Monet cannot have been especially perturbed by these sentiments, some of which he shared and some of which Clemenceau had already repeatedly voiced. But these words astounded and appalled some of Mirbeau’s “old and dear comrades” on the left, who had known him as a committed pacifist and antimilitarist. Indeed, as
Le Petit Parisien
noted:
“Of all the detractors of war who, in times of peace, launched their anathemas against the dreaded goddess, Monsieur Octave Mirbeau was the most vehement.”
35
Yet now the great detractor seemed to be worshipping at the goddess’s shrine.
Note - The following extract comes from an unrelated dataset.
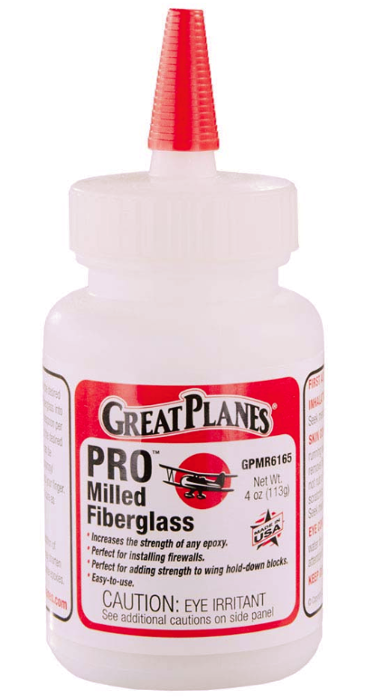 Milled Fibreglass-113 Gram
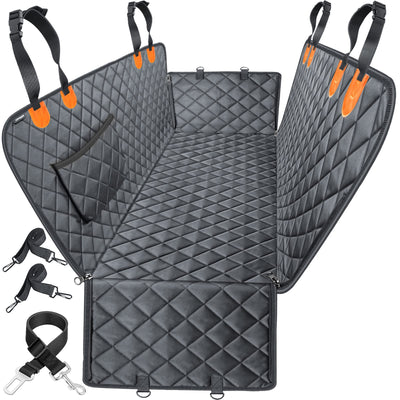 cubre asiento para mascotas para automóvil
Barely had he been laid into the ground than he was denounced as a worthless hypocrite, “the sum total of whose works amount to nothing.”
36
The testament was soon condemned as a forgery cooked up by his wife and a journalist named Gustave Hervé, a political turncoat (from socialist to ultranationalist) who formed part of “an abominable intrigue around the bedside of the dying man” and who delivered a rambling, reactionary eulogy at the graveside.
37
Mirbeau in his last days was incapable of recognizing his closest friends, let alone expostulating political and moral philosophy, and there can be little doubt that the article was composed by other hands.
38
But the damage done to his reputation was considerable. Monet was therefore left to mourn, not only the death of a friend whose physical and mental deterioration had caused him so much worry and grief, but also the fatal tarnishing of his name.
THE COLD WINTER
turned slowly into spring. Still Monet did little or no work on his Grande Décoration. He made frequent trips to Paris (“which turns my life upside-down”) in order to visit his dentist—although his dental problems did not prevent him from enjoying the occasional meal at the restaurant Drouant or the sweets sent to him by Gaston Bernheim-Jeune’s wife. “She spoils me so much,” he confessed to Gaston, “but she knows how greedy I am.”
39
He also read books: Théophile Gautier’s
Le Capitaine Fracasse
, a swashbuckling novel set in seventeenth-century France; and Sainte-Beuve’s
Galerie de femmes célèbres
, with its biographies of illustrious Frenchwomen such as Marguerite of Navarre, Madame de Sévigné, and Madame de Maintenon. In despair over his work, Monet was losing himself in the rustling silk and clashing swords of France’s ancien régime.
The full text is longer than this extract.